→ HOW TO COMPLETE THIS TASK: Restate word for word the lines of the records below, starting at the line that contains "Old Colony Brewing" and ending at the line that contains "Leather Tote Bag", with both of those lines included and nothing else.
[[ DATA UNDER STUDY, beginning ]]
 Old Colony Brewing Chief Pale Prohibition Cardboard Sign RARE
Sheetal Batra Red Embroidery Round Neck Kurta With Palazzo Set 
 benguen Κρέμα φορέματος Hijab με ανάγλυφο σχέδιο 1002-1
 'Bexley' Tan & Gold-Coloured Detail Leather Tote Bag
[[ DATA UNDER STUDY, end ]]
[[ DATA UNDER STUDY, beginning ]]
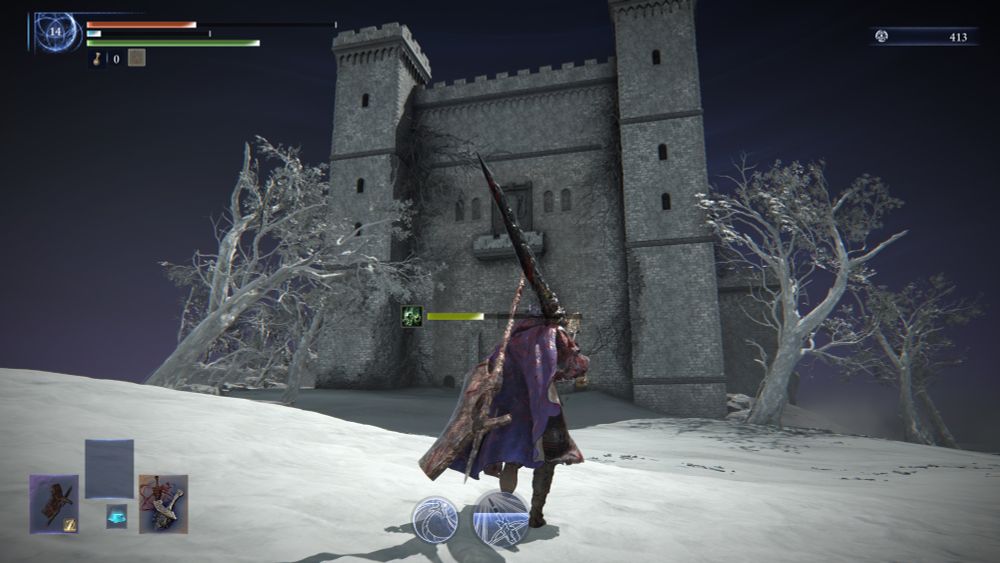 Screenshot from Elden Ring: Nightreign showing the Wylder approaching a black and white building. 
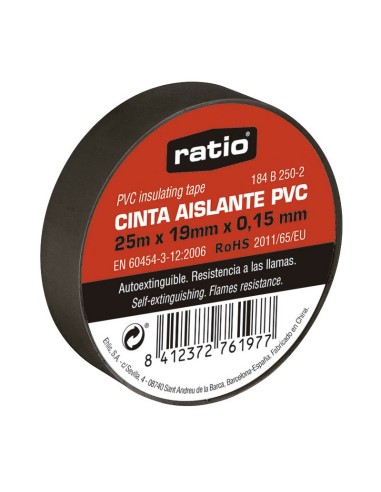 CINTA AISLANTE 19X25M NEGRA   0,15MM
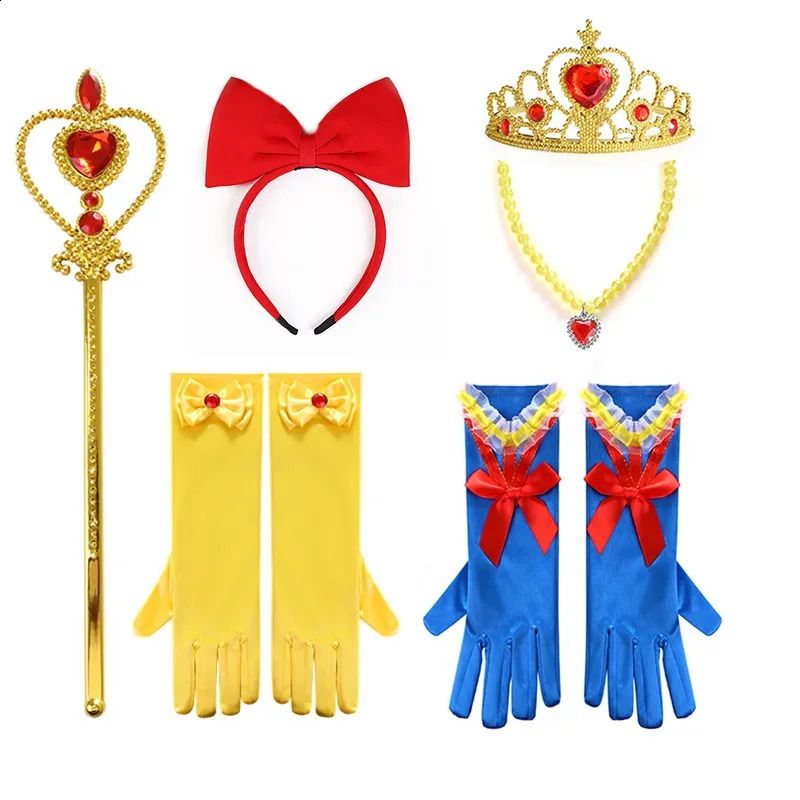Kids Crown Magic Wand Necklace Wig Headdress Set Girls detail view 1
[[ DATA UNDER STUDY, end ]]
→ SOLUTION TO THE PROBLEM:
 Old Colony Brewing Chief Pale Prohibition Cardboard Sign RARE
Sheetal Batra Red Embroidery Round Neck Kurta With Palazzo Set 
 benguen Κρέμα φορέματος Hijab με ανάγλυφο σχέδιο 1002-1
 'Bexley' Tan & Gold-Coloured Detail Leather Tote Bag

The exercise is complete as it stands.